Collapse of the Black belt socio-economic plantation system

Economic historians of the South generally emphasize the continuity of the system of white supremacy and cotton plantations in the Black Belt from the late colonial era into the mid-20th century, when it collapsed. Harold D, Woodman summarizes the explanation that external forces caused the disintegration from the 1920s to the 1970s:
When significant change finally occurred, its impetus came from outside the South. Depression-bred New Deal reforms, war-induced demand for labor in the North, perfection of cotton-picking machinery, and civil rights legislation and court decisions finally...destroyed the plantation system, undermined landlord or merchant hegemony, diversified agriculture and transformed it from a labor- to a capital-intensive industry, and ended the legal and extralegal support for racism. The discontinuity that war, invasion, military occupation, the confiscation of slave property, and state and national legislation failed to bring in the mid nineteenth century finally arrived in the second third of the twentieth century.

Historiography and memory

W. E. B. DuBois

The most prominent student of the Black Belt was sociologist W. E. B. DuBois, who engaged in statistically based studies of family life, economic cooperation, and social conditions as editor of The Atlantic University Publications in the early 20th century. His 1903 book The Souls of Black Folk contains extensive analysis and reflection. Du Bois calls Albany, Georgia, in Dougherty County, the "heart of the Black Belt." He says: "Here are the remnants of the vast plantations."
"How curious a land is this,- how full of untold story, of tragedy and laughter, and the rich legacy of human life; shadowed with a tragic past, and big with future promise!"

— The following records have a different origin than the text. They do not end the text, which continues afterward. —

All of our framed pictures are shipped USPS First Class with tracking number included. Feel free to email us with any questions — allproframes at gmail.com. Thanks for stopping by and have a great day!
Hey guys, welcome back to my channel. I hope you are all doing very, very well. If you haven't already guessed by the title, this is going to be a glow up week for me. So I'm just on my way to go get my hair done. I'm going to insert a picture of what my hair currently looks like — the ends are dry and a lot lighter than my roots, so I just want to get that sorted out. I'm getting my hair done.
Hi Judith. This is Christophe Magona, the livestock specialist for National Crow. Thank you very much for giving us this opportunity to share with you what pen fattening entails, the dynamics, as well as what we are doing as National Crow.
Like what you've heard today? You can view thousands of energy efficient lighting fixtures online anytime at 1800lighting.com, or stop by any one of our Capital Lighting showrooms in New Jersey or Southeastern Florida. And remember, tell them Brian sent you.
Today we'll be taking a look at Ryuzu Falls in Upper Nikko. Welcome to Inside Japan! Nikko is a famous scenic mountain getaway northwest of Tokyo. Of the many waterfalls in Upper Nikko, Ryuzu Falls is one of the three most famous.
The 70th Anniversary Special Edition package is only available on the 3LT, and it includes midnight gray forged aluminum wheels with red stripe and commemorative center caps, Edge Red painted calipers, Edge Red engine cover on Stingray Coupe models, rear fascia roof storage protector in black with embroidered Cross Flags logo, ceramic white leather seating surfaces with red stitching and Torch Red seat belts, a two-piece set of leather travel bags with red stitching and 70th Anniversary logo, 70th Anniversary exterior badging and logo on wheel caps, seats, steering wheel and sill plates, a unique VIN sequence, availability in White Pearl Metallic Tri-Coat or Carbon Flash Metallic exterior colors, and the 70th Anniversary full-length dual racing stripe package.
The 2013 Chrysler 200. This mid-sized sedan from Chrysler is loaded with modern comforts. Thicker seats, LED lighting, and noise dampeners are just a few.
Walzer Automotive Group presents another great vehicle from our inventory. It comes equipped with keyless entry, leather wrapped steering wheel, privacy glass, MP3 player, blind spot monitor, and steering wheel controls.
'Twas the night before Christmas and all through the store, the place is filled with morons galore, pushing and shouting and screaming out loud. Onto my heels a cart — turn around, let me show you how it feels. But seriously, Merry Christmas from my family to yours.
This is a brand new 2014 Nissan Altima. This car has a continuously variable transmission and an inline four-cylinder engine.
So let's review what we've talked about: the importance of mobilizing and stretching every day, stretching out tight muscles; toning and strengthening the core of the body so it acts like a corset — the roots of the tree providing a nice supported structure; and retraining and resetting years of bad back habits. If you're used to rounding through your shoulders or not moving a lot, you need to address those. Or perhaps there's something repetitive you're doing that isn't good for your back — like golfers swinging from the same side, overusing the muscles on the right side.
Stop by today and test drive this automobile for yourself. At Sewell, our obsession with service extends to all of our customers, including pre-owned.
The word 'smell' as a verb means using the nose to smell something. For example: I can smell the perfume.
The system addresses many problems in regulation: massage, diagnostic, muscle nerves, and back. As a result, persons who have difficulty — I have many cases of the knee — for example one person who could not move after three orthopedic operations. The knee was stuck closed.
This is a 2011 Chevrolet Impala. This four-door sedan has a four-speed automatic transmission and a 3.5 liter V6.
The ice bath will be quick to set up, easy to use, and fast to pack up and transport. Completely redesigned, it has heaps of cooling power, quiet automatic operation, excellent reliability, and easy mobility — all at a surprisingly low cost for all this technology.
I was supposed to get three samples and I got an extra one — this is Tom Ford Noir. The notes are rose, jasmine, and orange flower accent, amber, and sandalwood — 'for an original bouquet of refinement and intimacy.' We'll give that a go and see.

Yet, he notes, it is not far from "where Sam Hose was crucified" , "to-day the centre of the Negro problem,-the centre of those nine million men who are America's dark heritage from slavery and the slave-trade." He continues: "Careless ignorance and laziness here, fierce hate and vindictiveness there,—these are the extremes of the Negro problem which we met that day, and we scarce knew which we preferred."

Restoration of old dwellings

Since the late 20th century, a recent development has been the restoration, preservation and historical analysis of African-American dwelling units in the Black Belt, especially those surviving from slavery days. Ashley A. Dumas, et al. explain the rationale:
Slave houses are artifacts. Their attributes can be recorded, analyzed, and broad patterns about their historical context, their builders, and inhabitants revealed. The methods of construction, for instance, often indicate climate, economy, and available technology. Ethnographic and archaeological studies demonstrate that houses, yards, and landscapes reflect cultural values and social relationships and changes to these. The organization of labor may be inferred from the placement of houses in relation to one another and to non-domestic buildings.